An der Grenzstation 
angelangt ist jetzt 
endlich der Reisende

Ein Zöllner hat ihm 
die Schuhbänder gelöst 
die Schuhe ausgezogen

Auf den gehobelten Brettern 
des Bodens herrenlos 
steht das Gepäck

Das schweinslederne Köfferchen 
ist aufgegangen, die arme 
Seele entflogen

Manfred fragte, ob das nicht eine schöne und tröstliche Grabsteininschrift wäre – auch mit der nur zu denkenden und erst im nachfolgenden zweiten Teil des Gedichts enthaltenen malerisch-lyrischen Brücke zu den Ringen des Saturn. Noch mehr Wolken und ein paar Regentropfen als Vorboten eines stärkeren Regens veranlassten die Freunde, sich von diesem schönen und melancholischen Ort zu trennen und die Rückreise anzutreten.

Das Stillleben

Magnus war am Ende seiner Erzählung angekommen. Ich fühlte mich unglaublich leicht. Der ganze Ballast der Angst und Verwirrung war von mir abgefallen und ich erinnerte mich mit einem Mal an einen Artikel, den ich in der FAZ über das Grab von W. G. Sebald gelesen hatte. Magnus suchte und fand den Artikel „Magisch zieht des Dichters Grab Gedenkartikel an“ auf den Online-Feuilletonseiten der FAZ. Patrick Bahners hatte, aktualisiert am 26.9.2008, aus Norwich geschrieben: „Am Grabstein lehnt eine kleine braune Flasche. Gordon Turner nimmt sie in die Hand und entziffert das Etikett: „Gebirgsenzian“ aus dem Alpenland, der Heimat von W. G. Sebald.“

Turner und Sebald waren jahrzehntelang Kollegen in der Germanistik an der University of East Anglia in Norwich. Ihre Vorstellungsgespräche fielen 1970 auf denselben Tag. Turner kümmert sich heute um das Sebald-Tonarchiv und steht Sebald-Forschern für biographische Auskünfte zur Verfügung. Wie er deutlich macht, sieht er seine Aufgabe darin, irreführende Tatsachenbehauptungen zu korrigieren. Er will nicht die boomende Sebald-Deutungsindustrie füttern, obwohl er deren jüngste Leistungsschau mitorganisiert hat, eine dreitägige Konferenz an Sebalds akademischer Wirkungsstätte. Vom Flaschenfund ist Turner sichtlich irritiert. Aber er überwindet seine Verwunderung und rügt es nicht als Geschmacklosigkeit, dass jemand Abfall auf der Grabstätte deponiert hat.

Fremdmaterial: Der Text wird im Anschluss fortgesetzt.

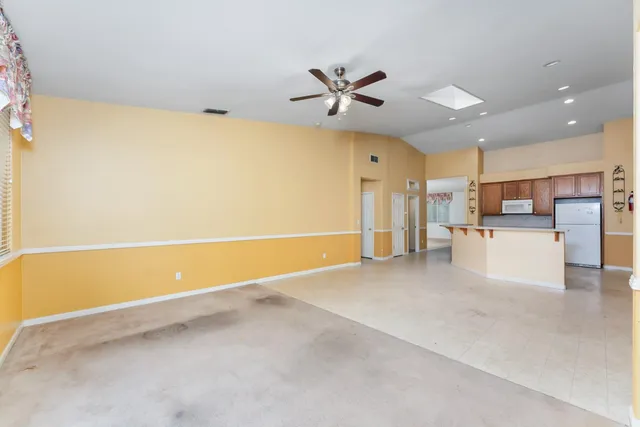 a view of a kitchen with a sink cabinets and window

Ein anderer Kollege, der Romanist Clive Scott, deutet im Abschlussvortrag Sebalds Werk vom Stillleben her. Das Stillleben vernichte das Menschliche, setze es aber voraus. Die einmontierten Fotografien seien Stillleben, die sich die Macht von Porträts angeeignet hätten. Sie zeigten die Verschlossenheit der Dinge, seien selbst wie jene verschlossenen Türen, die an prägnanten Stellen auf ihnen zu sehen sind – in Austerlitz beim Besuch in Theresienstadt. An diese verschlossenen Türen kann der Grabstein aus dem von Sebald selbst für diesen Zweck bestimmten Schiefer aus Cornwall erinnern.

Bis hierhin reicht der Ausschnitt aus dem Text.